On Tuesday night, Politco, citing multiple sources with knowledge of the selection process, reported that President Trump will nominate Rettig to head the IRS. Rettig would then have to be confirmed by the Senate.
If the president does nominate Rettig, he would break a precedent of almost 20 years of picking IRS chiefs from the corporate world, according to the report. Before that, commissioners were often tax lawyers.
Rettig would replace David Kautter, a previous Ernst & Young partner who has been the IRS’s acting director for tax policy since November and is also serving as Assistant Secretary of the Treasury for Tax Policy. Kautner succeeded John Koskinen, a former non-executive secretary of Freddie Mac who stepped down as IRS Commissioner after four years on the job.
In the wake of an IRS scandal in which conservative political groups were said to be targeted for extensive scrutiny by the IRS, 19 Republican Representatives brought a bill of impeachment against Koskinen in 2015. The effort was later turned back by the House leadership.
In his Forbes column, Rettig wrote that candidate Trump’s tax team would “likely have their hands full responding to numerous informal and formal detailed inquiries by the IRS ‘Wealth Squad’ audit team assigned to his case” and wouldn’t want to help create a great detail of publicity by advising the candidate to release his returns.

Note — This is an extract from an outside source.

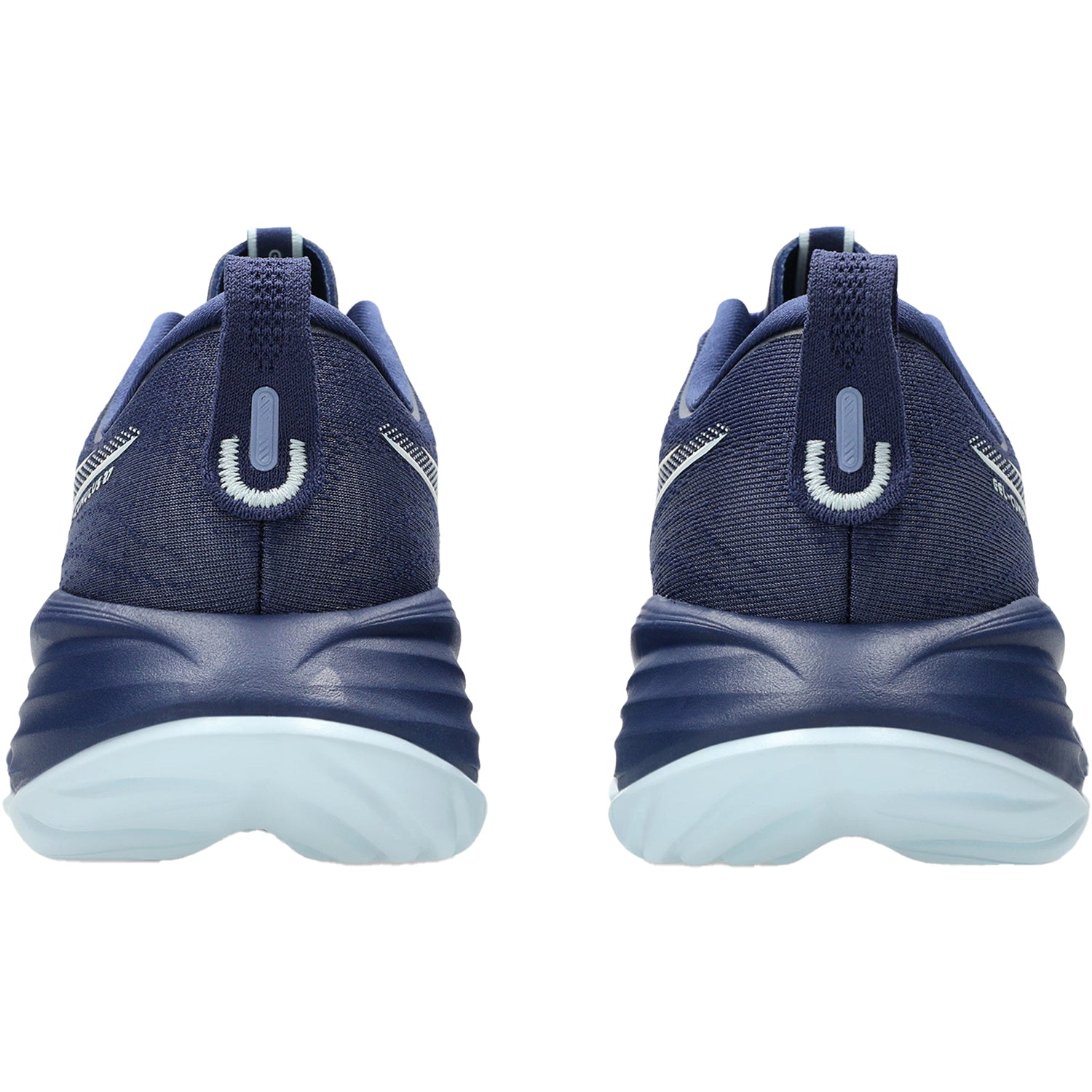Womens Asics ASICS Gel-Cumulus 27 (Neutral Support) Women's Athletic Shoes Indigo Blue/Cool Grey Indigo Blue/Cool Grey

More formally known as the Global High Wealth Industry Group of the IRS, the squad is “a specialized, experienced group of examiners solely focused on conducting audits of high-income/high-wealth taxpayers,” Rettig noted.
Recently, Rettig has been involved in discussions regarding the offshore voluntary disclosure programs of the IRS. As IRS commissioner, he would be extensively involved in making rules under the new U.S. Tax Cuts and Job Act, which mandates that U.S. corporations repatriate offshore earnings.